▸ AVAILABLE DATA:
┄┄┄┄┄┄

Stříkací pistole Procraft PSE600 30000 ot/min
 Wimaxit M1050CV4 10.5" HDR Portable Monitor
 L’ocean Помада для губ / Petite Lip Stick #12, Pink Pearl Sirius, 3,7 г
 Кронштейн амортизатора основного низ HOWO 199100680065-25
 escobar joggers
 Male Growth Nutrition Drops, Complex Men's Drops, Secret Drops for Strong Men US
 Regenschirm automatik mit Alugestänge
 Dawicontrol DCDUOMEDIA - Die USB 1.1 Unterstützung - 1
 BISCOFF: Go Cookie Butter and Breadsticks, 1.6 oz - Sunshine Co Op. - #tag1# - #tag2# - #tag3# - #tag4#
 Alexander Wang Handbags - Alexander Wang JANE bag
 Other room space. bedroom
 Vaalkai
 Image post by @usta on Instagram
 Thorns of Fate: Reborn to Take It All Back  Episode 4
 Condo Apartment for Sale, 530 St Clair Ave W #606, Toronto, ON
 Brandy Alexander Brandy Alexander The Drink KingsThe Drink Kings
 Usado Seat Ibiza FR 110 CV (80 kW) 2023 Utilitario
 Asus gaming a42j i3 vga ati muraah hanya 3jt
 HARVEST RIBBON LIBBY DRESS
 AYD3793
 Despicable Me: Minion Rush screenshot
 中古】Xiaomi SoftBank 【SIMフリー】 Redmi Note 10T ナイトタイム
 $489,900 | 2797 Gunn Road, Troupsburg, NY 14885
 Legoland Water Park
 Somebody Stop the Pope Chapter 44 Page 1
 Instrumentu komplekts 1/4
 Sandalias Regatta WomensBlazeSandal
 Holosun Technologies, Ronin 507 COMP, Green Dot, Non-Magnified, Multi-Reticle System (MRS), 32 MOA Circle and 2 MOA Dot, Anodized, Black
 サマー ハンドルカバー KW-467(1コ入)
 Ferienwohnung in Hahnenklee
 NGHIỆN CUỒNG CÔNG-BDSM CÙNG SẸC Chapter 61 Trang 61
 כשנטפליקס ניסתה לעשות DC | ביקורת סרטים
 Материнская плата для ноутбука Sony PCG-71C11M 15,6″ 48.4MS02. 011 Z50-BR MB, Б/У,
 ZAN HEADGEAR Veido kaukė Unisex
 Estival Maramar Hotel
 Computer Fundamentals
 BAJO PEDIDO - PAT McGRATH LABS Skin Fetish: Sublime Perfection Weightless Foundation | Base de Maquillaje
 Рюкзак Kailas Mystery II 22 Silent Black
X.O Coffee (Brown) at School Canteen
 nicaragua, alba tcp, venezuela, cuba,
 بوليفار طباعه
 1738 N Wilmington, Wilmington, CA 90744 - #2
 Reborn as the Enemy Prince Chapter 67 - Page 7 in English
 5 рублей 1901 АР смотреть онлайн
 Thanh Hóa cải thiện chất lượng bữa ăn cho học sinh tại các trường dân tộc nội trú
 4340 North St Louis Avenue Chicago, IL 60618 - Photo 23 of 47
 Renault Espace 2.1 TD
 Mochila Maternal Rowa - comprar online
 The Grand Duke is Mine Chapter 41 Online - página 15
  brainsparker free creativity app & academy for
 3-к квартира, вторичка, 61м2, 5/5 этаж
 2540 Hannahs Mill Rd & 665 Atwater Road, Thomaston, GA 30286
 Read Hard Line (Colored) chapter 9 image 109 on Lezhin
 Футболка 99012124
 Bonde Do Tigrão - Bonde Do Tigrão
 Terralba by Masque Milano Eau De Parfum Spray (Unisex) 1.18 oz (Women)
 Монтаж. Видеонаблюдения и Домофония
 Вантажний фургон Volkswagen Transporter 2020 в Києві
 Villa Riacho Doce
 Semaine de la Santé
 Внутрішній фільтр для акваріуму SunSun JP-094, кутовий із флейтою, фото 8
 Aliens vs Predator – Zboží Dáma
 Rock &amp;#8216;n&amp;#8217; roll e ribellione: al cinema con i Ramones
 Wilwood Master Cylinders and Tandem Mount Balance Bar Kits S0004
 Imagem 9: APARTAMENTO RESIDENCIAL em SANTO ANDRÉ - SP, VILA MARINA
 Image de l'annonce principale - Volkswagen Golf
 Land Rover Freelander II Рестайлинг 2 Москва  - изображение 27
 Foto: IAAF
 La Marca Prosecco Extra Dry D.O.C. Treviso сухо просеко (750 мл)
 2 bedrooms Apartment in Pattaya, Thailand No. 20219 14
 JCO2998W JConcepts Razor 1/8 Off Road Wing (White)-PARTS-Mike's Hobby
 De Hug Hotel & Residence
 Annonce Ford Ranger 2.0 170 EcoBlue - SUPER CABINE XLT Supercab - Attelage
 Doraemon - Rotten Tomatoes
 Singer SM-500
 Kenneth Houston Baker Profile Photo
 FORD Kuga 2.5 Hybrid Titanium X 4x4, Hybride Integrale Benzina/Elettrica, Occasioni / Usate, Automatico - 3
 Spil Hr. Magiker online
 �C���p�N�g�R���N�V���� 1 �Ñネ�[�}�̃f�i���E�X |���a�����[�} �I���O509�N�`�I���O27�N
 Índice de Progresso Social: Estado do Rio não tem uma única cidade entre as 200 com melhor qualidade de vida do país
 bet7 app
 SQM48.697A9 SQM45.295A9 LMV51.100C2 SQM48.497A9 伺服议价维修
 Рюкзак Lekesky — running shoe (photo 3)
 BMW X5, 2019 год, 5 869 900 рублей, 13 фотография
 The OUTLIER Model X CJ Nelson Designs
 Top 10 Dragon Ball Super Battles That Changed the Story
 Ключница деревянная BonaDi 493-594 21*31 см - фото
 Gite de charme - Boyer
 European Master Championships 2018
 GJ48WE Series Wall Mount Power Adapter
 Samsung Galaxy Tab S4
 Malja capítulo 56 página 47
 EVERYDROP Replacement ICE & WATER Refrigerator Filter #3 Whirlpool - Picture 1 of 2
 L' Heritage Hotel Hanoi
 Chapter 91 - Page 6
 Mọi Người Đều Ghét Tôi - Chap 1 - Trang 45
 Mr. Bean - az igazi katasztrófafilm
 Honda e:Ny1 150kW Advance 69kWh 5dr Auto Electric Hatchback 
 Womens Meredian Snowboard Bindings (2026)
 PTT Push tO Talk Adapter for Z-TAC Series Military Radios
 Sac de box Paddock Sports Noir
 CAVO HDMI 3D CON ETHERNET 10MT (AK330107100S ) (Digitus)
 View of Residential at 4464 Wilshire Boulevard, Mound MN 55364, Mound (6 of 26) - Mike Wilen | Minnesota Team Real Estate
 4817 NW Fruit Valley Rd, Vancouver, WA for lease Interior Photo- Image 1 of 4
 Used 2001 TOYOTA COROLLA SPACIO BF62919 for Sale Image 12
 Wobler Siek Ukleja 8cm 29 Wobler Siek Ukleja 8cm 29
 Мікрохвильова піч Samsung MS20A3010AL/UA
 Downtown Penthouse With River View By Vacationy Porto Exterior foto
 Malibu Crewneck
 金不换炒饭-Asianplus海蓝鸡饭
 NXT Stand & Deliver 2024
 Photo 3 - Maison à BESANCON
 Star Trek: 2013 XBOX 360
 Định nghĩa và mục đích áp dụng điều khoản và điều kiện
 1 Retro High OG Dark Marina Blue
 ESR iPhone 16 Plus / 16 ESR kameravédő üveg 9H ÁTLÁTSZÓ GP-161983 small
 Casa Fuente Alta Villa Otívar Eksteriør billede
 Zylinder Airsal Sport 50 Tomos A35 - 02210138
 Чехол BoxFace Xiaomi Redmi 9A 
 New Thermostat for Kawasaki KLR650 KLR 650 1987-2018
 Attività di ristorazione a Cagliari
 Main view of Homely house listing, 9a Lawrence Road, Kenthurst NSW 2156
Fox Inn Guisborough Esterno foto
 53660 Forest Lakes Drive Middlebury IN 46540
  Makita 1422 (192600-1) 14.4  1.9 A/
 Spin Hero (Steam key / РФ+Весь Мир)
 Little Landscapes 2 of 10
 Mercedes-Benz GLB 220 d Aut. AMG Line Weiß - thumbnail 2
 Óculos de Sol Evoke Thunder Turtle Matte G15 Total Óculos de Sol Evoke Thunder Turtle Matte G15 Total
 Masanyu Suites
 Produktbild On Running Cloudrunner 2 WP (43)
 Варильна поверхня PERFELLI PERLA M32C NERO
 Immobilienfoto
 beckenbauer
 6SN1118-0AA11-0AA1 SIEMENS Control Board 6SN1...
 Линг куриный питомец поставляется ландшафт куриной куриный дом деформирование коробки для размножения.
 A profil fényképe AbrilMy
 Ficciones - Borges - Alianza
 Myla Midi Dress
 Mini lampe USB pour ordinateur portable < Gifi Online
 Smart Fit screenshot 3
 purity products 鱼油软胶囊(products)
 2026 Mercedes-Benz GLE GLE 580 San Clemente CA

┄┄┄┄┄┄

Output each line of the listing above that has "Unisex".

 ZAN HEADGEAR Veido kaukė Unisex
 Terralba by Masque Milano Eau De Parfum Spray (Unisex) 1.18 oz (Women)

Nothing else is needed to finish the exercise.